I’d never heard of Airflow before. Something with workflows… How does it compare to Node Red?
It’s mostly used as a ETL system, from my experience, and would be more akin to systems like Luigi.
That’s right, Airflow solves the same problem that Luigi solves.
Thanks, looked a little enterprisy :P Now I’m off to look what Luigi is ;)
My team uses EFS to solve this same problem.
We used to utilize S3, but the eventual persistence got annoying. As well as the fact that people would just upload to it from their local machines, etc.
Our staging and production S3 buckets are not accessible from local machine, so all changes have to go through git commit and CI/CD.
What was the replication delay you experienced from S3? So far I have only experienced worst case delay of couple seconds, which is not causing any issue for us.
Based upon how our large organization worked we had to refresh our AWS Creds every hour, which resulted in us needing to run a sidecar for this refresh.

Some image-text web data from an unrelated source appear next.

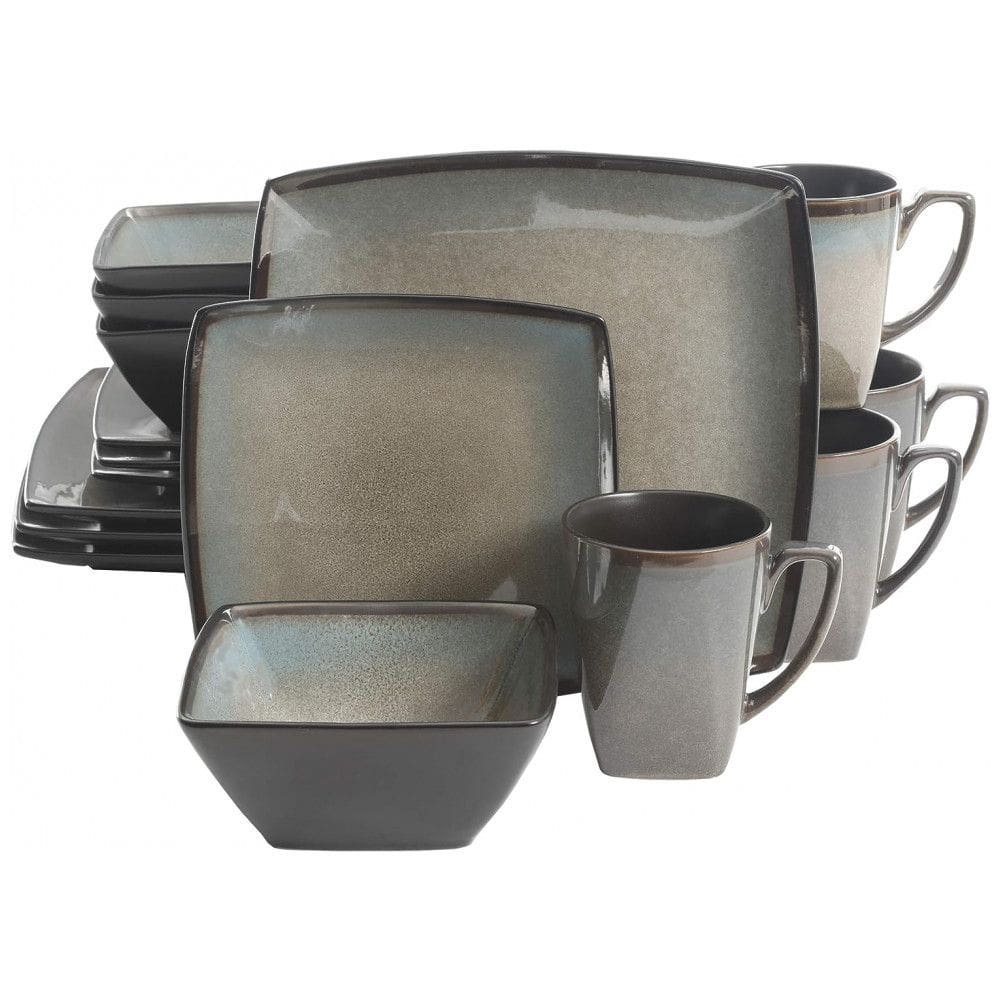 Aparelho de Jantar com 16 Peças em Cerâmica Serve 4 Pessoas, Gibson Elite Tequesta, Taupe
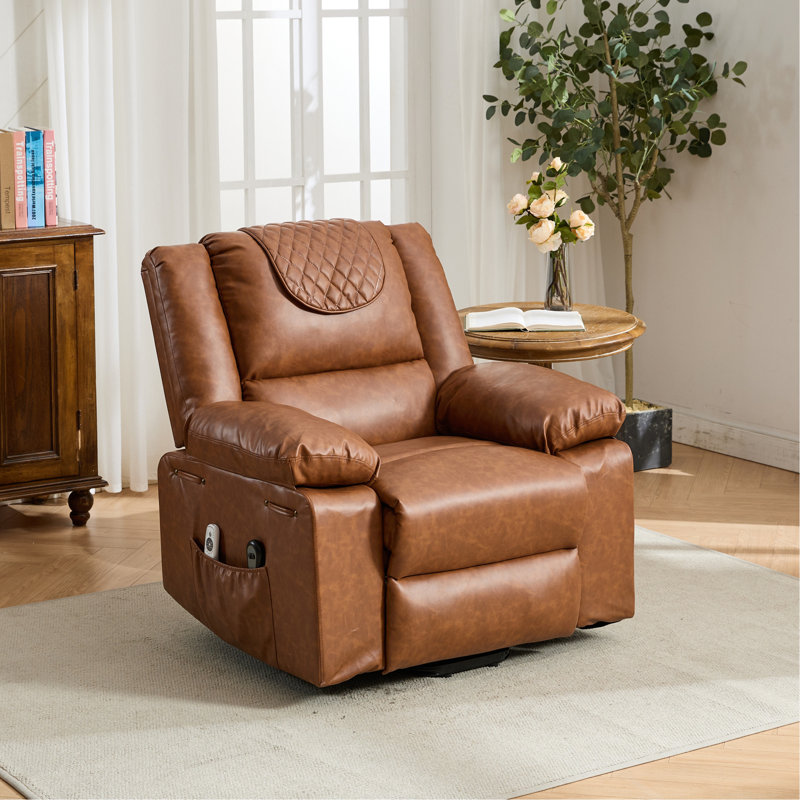 Fauteuil inclinable chauffant et chauffant en polyuréthane brun pour personnes âgées, Brun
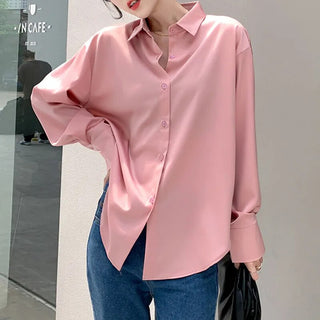 Satin Shirt Womens Clothing Silk Shirts Vintage Blouse Office Lady Sheer Top Longsleeve Dress Shirt  Ladies Overshirt Alodia Store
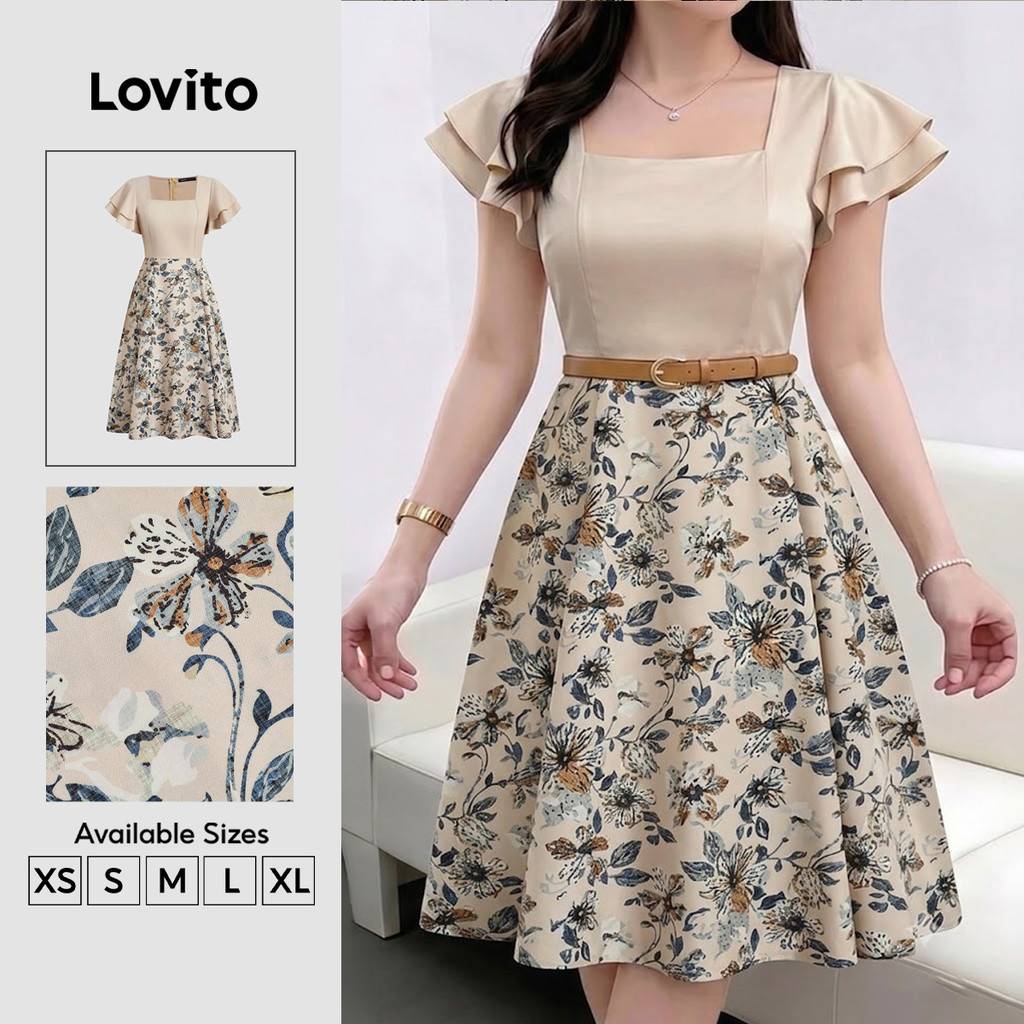 (New Arrival) Lovito Vestido Longo Casual Floral Com Zíper Falso 2 Em 1 E Babados Estilo Retrô Para Primavera/verão E Fins De Semana Ideal Para Mulheres DRB201P1D734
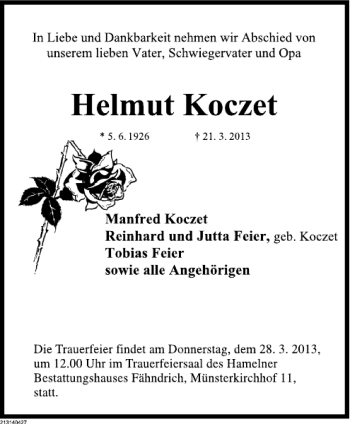 Traueranzeige von Helmut Koczet von Deister- und Weserzeitung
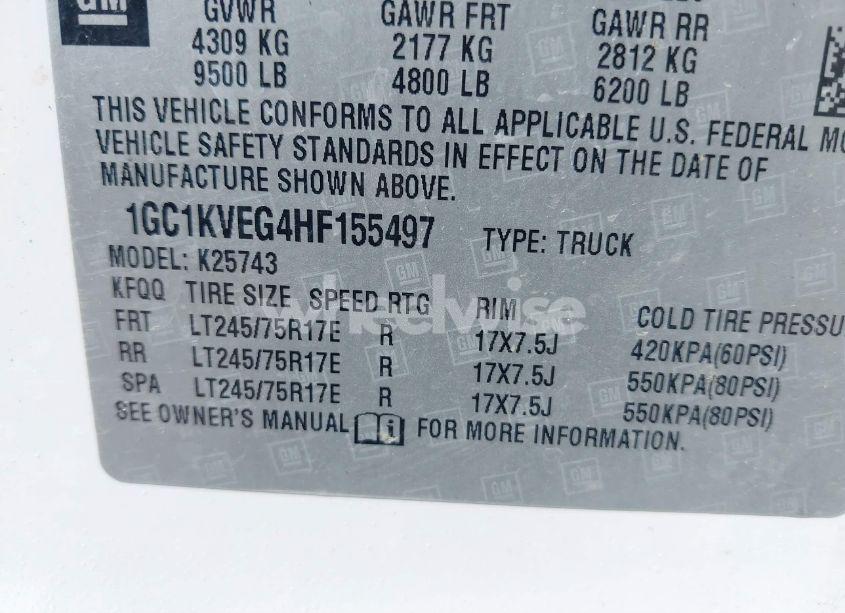 Photo 9 of 2017 Chevrolet Silverado 2500HD LT (VIN 1GC1KVEG4HF155497)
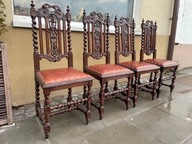Komplet rzeźbionych krzeseł eklektycznych - 4szt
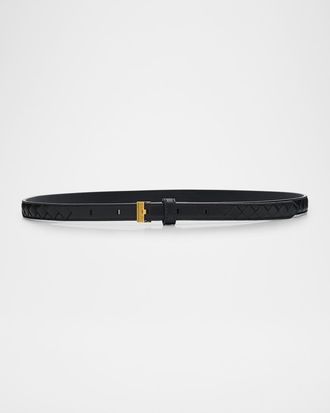 Bottega Veneta Watch-Buckle Intrecciato Skinny Leather Belt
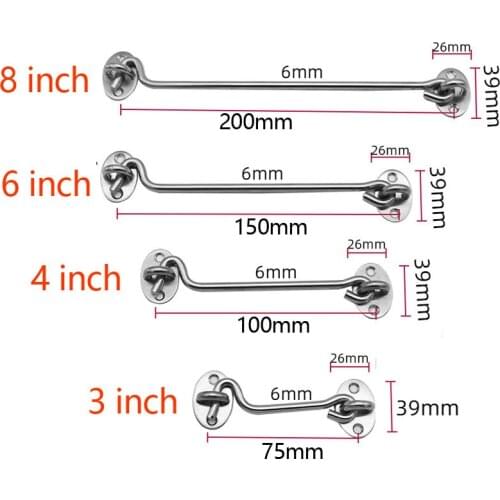 3/4/6/8 inch Crescent Window Lock With Safety Switch Cabin Hook Door Latch Lock Catch Holder With install Screws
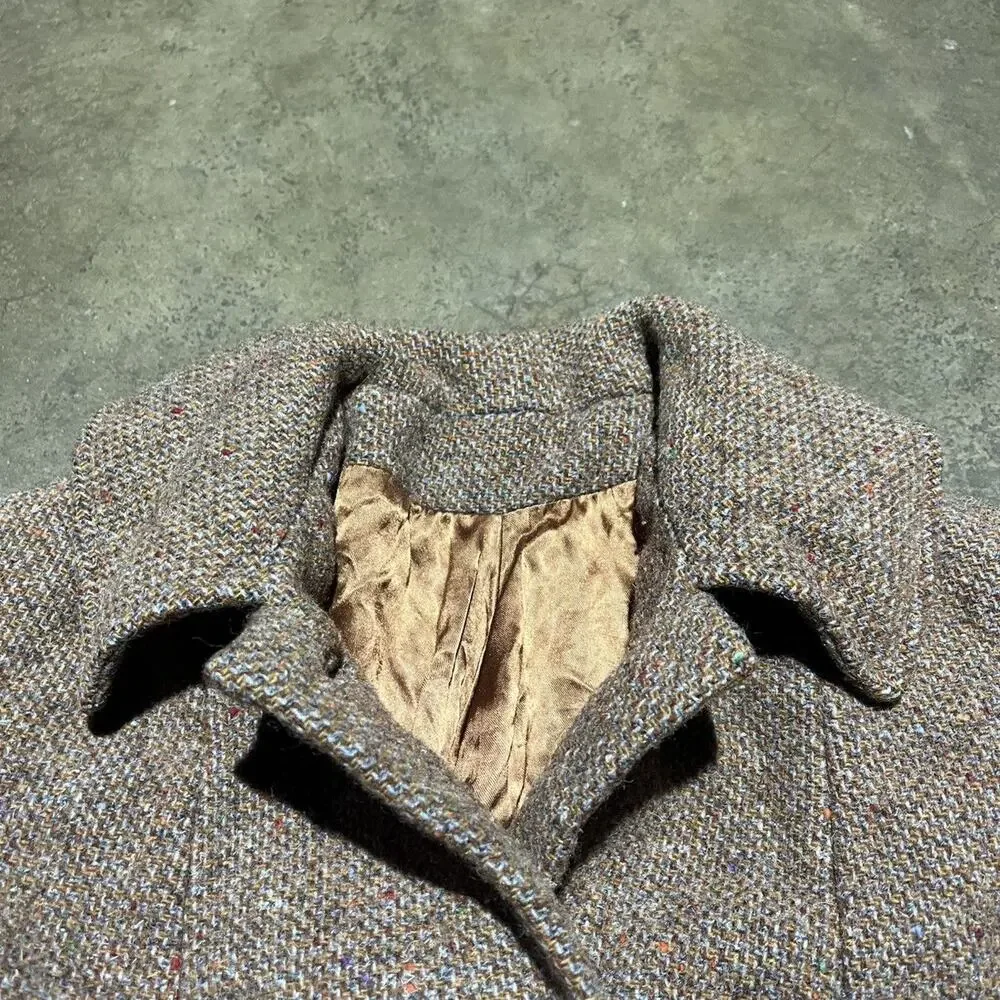 Vintage 60s VIP Brown Tweed Wool Long Overcoat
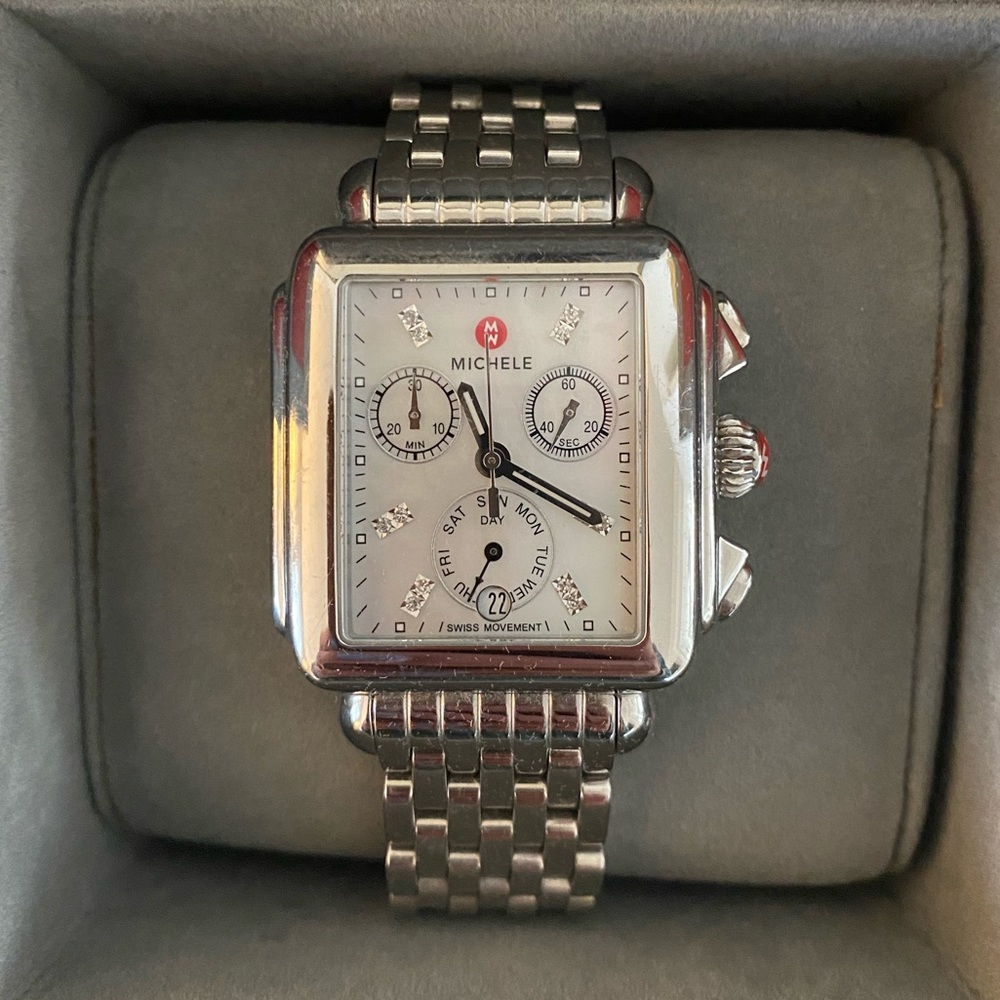 Silver Michele watch with diamond face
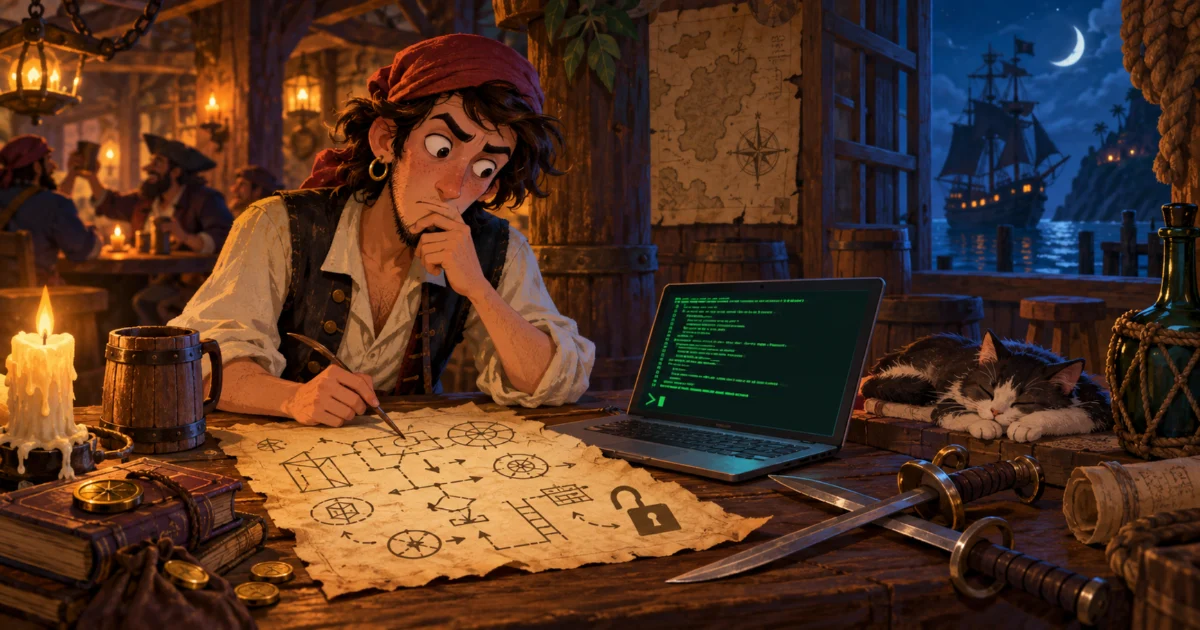 Un joven pirata piensa ante un mapa de flechas y candados en una taberna a la luz de las velas, con un portátil abierto con una terminal verde y un gato dormido al lado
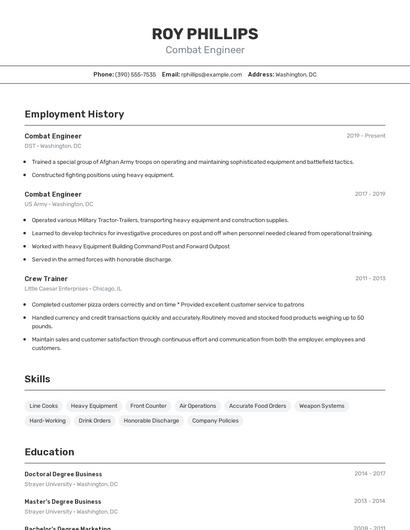 Combat Engineer Resume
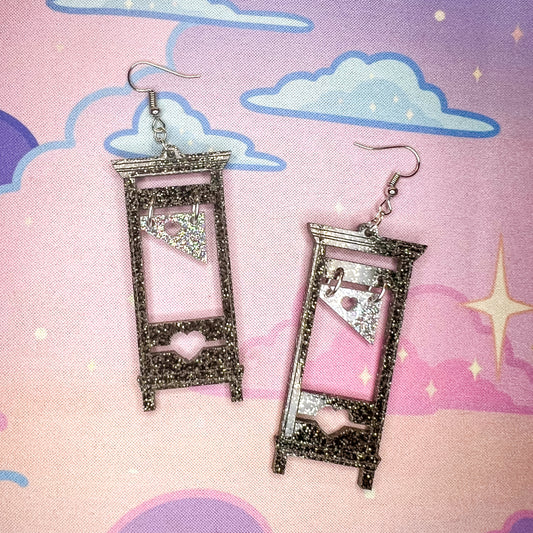 Glitter Heart Guillotine Earrings (Black)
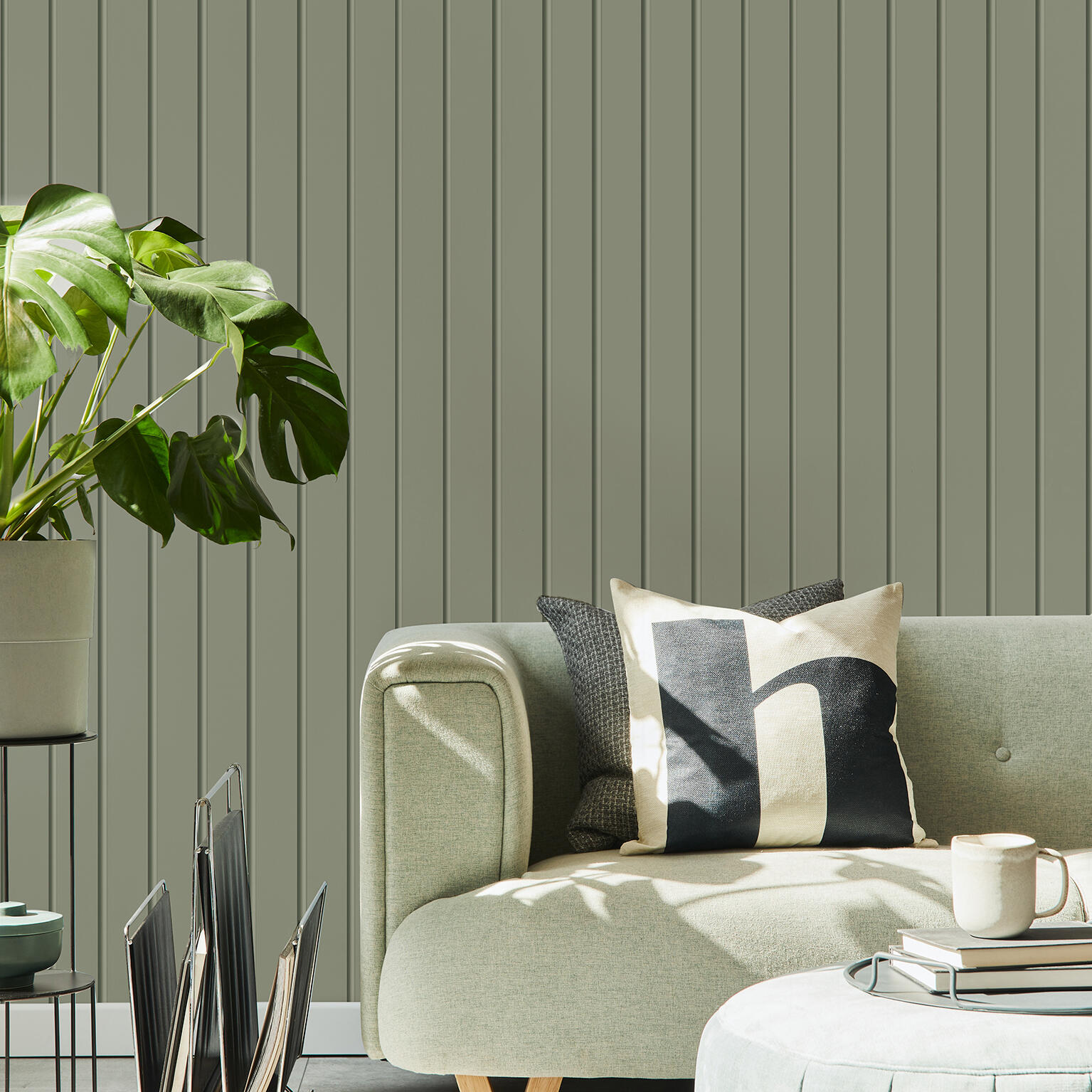 Papel de parede vinílico TNT Ripas verde - 4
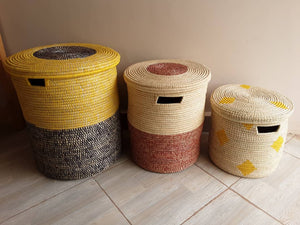 African Raffia Laundry and Storange Basket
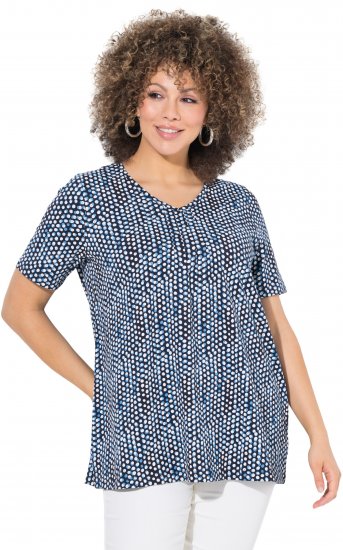 Ulla Popken So Many Dots Tee Navy Blue - Печатни тениски за жени -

Now that we just mount to EFS no cred management is needed. (This was the true root of our problem)
Interesting, wouldn’t use of IAM role automatically handle the cred rotation for you?
Our role sessions only last for an hour
This is a really interesting way to set up your Airflow DAGs. We broke ours out into a couple of Airflow instances due to the size of one. They also had a logical separation based on what they were processing though.
Are you pulling directly into the current DAGs or are you pulling into a separate dir that you cut over to? IIRC, you have to signal Airflow to reload the DAGs.
We pull directly into the current DAG directory. Airflow now automatically detects DAG change and reloads them on the fly, so we didn’t have to do anything special.